Exercise prompt. Emit the entire listing verbatim.

***** Data extracts *****

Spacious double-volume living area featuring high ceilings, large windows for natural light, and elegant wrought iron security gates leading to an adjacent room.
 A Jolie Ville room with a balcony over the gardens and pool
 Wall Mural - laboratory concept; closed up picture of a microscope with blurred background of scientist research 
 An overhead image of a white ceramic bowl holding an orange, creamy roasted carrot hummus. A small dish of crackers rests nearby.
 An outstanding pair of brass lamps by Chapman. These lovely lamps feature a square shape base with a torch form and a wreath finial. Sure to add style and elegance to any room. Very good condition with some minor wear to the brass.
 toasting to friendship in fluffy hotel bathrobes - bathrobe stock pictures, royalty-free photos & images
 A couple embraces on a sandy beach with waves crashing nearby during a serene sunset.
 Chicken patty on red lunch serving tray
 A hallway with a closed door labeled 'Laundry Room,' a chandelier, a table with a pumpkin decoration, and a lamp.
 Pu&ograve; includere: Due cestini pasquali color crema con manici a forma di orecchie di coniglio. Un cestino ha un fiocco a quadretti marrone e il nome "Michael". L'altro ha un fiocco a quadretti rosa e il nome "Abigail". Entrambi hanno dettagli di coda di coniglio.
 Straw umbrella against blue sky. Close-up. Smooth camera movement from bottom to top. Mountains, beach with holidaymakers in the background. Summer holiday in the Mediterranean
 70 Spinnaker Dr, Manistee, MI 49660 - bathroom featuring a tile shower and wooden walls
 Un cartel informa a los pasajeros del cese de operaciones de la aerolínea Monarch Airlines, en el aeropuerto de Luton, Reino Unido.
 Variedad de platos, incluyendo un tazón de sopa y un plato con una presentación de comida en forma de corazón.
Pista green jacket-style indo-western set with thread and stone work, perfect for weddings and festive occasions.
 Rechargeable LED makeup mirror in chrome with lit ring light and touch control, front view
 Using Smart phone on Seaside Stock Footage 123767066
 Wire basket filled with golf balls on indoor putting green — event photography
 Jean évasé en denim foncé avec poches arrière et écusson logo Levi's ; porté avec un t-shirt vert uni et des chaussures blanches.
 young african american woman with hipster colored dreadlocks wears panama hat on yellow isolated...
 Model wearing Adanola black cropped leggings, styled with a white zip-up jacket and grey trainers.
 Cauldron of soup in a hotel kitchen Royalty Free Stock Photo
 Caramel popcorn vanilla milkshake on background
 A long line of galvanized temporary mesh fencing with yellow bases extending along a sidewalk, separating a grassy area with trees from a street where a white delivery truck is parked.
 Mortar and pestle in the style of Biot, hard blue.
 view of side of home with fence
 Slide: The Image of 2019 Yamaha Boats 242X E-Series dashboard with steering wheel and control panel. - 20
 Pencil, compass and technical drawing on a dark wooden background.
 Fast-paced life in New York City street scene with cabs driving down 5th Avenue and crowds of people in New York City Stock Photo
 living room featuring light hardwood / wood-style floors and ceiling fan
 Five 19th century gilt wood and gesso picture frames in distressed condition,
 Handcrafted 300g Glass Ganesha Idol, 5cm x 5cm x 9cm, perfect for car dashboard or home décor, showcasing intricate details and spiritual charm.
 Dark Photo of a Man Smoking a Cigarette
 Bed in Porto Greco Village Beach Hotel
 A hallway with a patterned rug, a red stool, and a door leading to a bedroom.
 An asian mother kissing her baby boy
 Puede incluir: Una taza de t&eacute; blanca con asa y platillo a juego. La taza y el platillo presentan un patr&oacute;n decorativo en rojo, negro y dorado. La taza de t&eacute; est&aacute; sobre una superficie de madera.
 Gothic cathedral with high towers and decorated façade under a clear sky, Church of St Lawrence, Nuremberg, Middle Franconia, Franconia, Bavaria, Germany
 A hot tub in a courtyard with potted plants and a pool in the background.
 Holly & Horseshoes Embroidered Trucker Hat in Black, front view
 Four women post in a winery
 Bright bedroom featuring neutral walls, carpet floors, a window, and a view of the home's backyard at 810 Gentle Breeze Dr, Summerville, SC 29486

*****

Answer area.
Spacious double-volume living area featuring high ceilings, large windows for natural light, and elegant wrought iron security gates leading to an adjacent room.
 A Jolie Ville room with a balcony over the gardens and pool
 Wall Mural - laboratory concept; closed up picture of a microscope with blurred background of scientist research 
 An overhead image of a white ceramic bowl holding an orange, creamy roasted carrot hummus. A small dish of crackers rests nearby.
 An outstanding pair of brass lamps by Chapman. These lovely lamps feature a square shape base with a torch form and a wreath finial. Sure to add style and elegance to any room. Very good condition with some minor wear to the brass.
 toasting to friendship in fluffy hotel bathrobes - bathrobe stock pictures, royalty-free photos & images
 A couple embraces on a sandy beach with waves crashing nearby during a serene sunset.
 Chicken patty on red lunch serving tray
 A hallway with a closed door labeled 'Laundry Room,' a chandelier, a table with a pumpkin decoration, and a lamp.
 Pu&ograve; includere: Due cestini pasquali color crema con manici a forma di orecchie di coniglio. Un cestino ha un fiocco a quadretti marrone e il nome "Michael". L'altro ha un fiocco a quadretti rosa e il nome "Abigail". Entrambi hanno dettagli di coda di coniglio.
 Straw umbrella against blue sky. Close-up. Smooth camera movement from bottom to top. Mountains, beach with holidaymakers in the background. Summer holiday in the Mediterranean
 70 Spinnaker Dr, Manistee, MI 49660 - bathroom featuring a tile shower and wooden walls
 Un cartel informa a los pasajeros del cese de operaciones de la aerolínea Monarch Airlines, en el aeropuerto de Luton, Reino Unido.
 Variedad de platos, incluyendo un tazón de sopa y un plato con una presentación de comida en forma de corazón.
Pista green jacket-style indo-western set with thread and stone work, perfect for weddings and festive occasions.
 Rechargeable LED makeup mirror in chrome with lit ring light and touch control, front view
 Using Smart phone on Seaside Stock Footage 123767066
 Wire basket filled with golf balls on indoor putting green — event photography
 Jean évasé en denim foncé avec poches arrière et écusson logo Levi's ; porté avec un t-shirt vert uni et des chaussures blanches.
 young african american woman with hipster colored dreadlocks wears panama hat on yellow isolated...
 Model wearing Adanola black cropped leggings, styled with a white zip-up jacket and grey trainers.
 Cauldron of soup in a hotel kitchen Royalty Free Stock Photo
 Caramel popcorn vanilla milkshake on background
 A long line of galvanized temporary mesh fencing with yellow bases extending along a sidewalk, separating a grassy area with trees from a street where a white delivery truck is parked.
 Mortar and pestle in the style of Biot, hard blue.
 view of side of home with fence
 Slide: The Image of 2019 Yamaha Boats 242X E-Series dashboard with steering wheel and control panel. - 20
 Pencil, compass and technical drawing on a dark wooden background.
 Fast-paced life in New York City street scene with cabs driving down 5th Avenue and crowds of people in New York City Stock Photo
 living room featuring light hardwood / wood-style floors and ceiling fan
 Five 19th century gilt wood and gesso picture frames in distressed condition,
 Handcrafted 300g Glass Ganesha Idol, 5cm x 5cm x 9cm, perfect for car dashboard or home décor, showcasing intricate details and spiritual charm.
 Dark Photo of a Man Smoking a Cigarette
 Bed in Porto Greco Village Beach Hotel
 A hallway with a patterned rug, a red stool, and a door leading to a bedroom.
 An asian mother kissing her baby boy
 Puede incluir: Una taza de t&eacute; blanca con asa y platillo a juego. La taza y el platillo presentan un patr&oacute;n decorativo en rojo, negro y dorado. La taza de t&eacute; est&aacute; sobre una superficie de madera.
 Gothic cathedral with high towers and decorated façade under a clear sky, Church of St Lawrence, Nuremberg, Middle Franconia, Franconia, Bavaria, Germany
 A hot tub in a courtyard with potted plants and a pool in the background.
 Holly & Horseshoes Embroidered Trucker Hat in Black, front view
 Four women post in a winery
 Bright bedroom featuring neutral walls, carpet floors, a window, and a view of the home's backyard at 810 Gentle Breeze Dr, Summerville, SC 29486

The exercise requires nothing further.